Duygusal
İstemekle âşık olunmuyor maalesef!
“Can verme gam-ı aşka kim, aşk âfet-i candır
Aşk âfet-i can olduğu meşhûr-i cihandır”
Divan şâiri Mesihî böyle diyor. Aşk üzerine tartıştığım çok kişi de aşkı tanımsız olarak niteliyor. Mesela bazıları, “Kişinin iradesi dışında kendini bir anda içinde bulduğu bir şanssızlık, bir budalalıktır aşk. Kesbî değil, vehbîdir” diyor.
Belki doğrudur, aşkın kendisi için şanssızlık olduğu, budalalık olduğu kimseler yok değil. Belki birçok insan için böyledir; şanssızlık diyorum, çünkü o insanlar aşk için (veya aşk zannettikleri tasavvurlar için) kendilerini paralıyor, kötü ve bedbaht yollara başvuruyorlar. Ancak şu var ki, aşk bir nevi olgunlaşma evresidir insanın; insan aşkı yaşadığı zaman duyguları sağlamlaşır ve metaneti artar.
Aşkı zamanımızdaki durumuyla değerlendirirsek, durum farklılık gösterebilir. Gerçekten de bazılarının dediği şekilde, günümüzde her şeyin bayağılaştığı gibi, aşkın anlamının da bayağılaştığını görüyoruz. “Aşk yapmak” diyor adam, o zaman cinsel çağrışımlar yapıyor aşk kelimesi. Aşk şarkılarda geçiyor, kliplerde saçma sapan ilişkiler şeklinde canlandırılıyor. Delikanlı kıza, “Sizden hoşlandım, beraber çıkabilir miyiz?” diyor, kız kabul ederse delikanlı ile kız aşk yaşıyor oluyorlar.

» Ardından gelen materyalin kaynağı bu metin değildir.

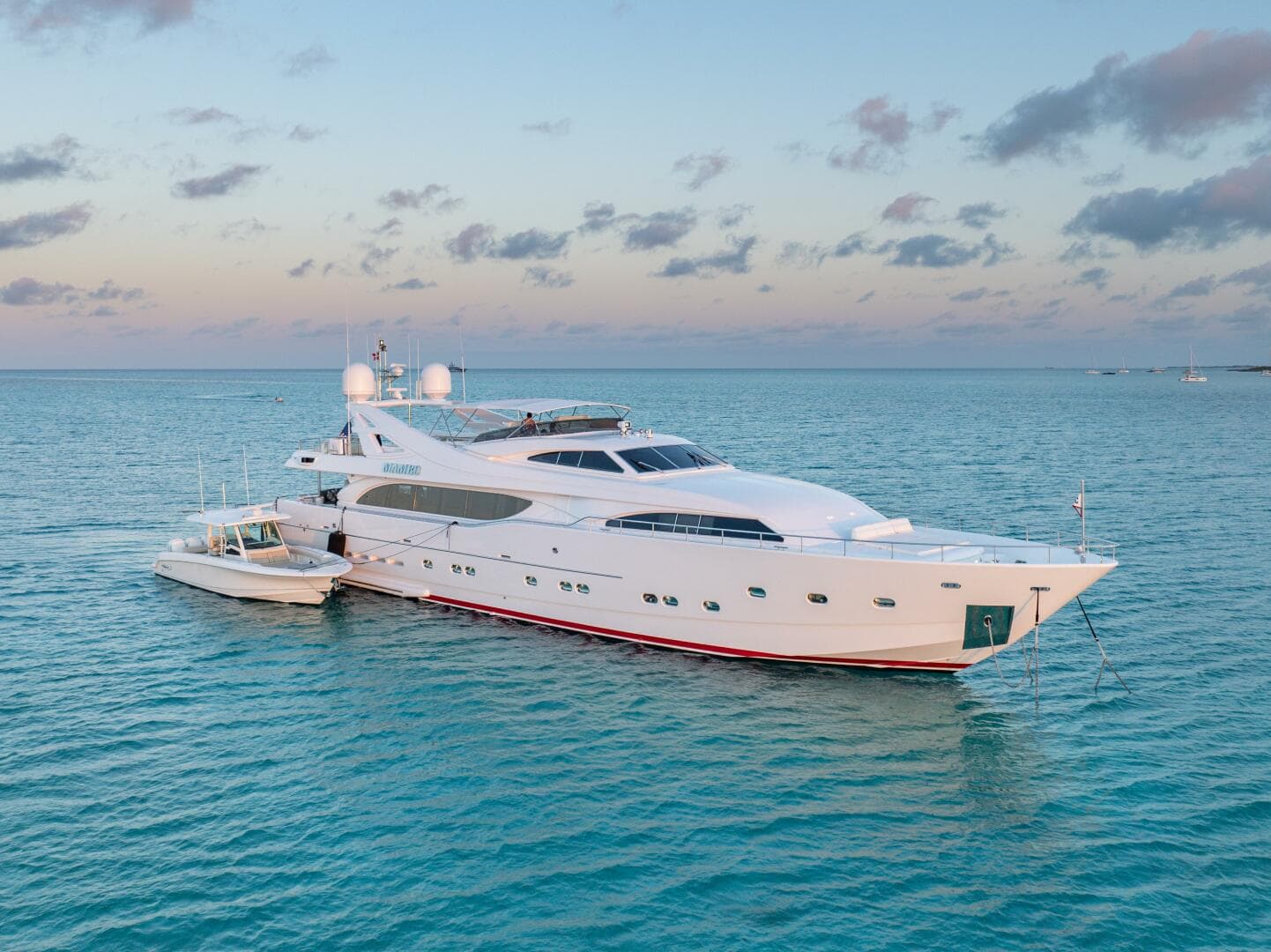 2004 Ferretti Yachts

Yoo, yoo… Bütün bu saçmalıkların o aşka yüklenen benzersiz duygularla alakası yok. Bu duygular kesinlikle cinsel hezeyanların ve hedeflerin kurbanı olmuşlar.
Evet, aşk gerçekten yok mudur? Bazıları belki budalalık, saçmalık ve anlamsız bir hilkat garibesi olarak görebilirler aşkı. Ben bunlara bir şey demiyorum, zaten bunu söyleyenler açıkça ifade ediyorlar: “Ben hiç âşık olmadım” diyorlar.
Balı tatmadıkça, gülü koklayıp hissetmedikçe nasıl anlatabilirsiniz? “Belki bazı istisnalar vardır” diyorlar, “gerçek aşkı yaşayan, hisseden kimseler olabilirler.”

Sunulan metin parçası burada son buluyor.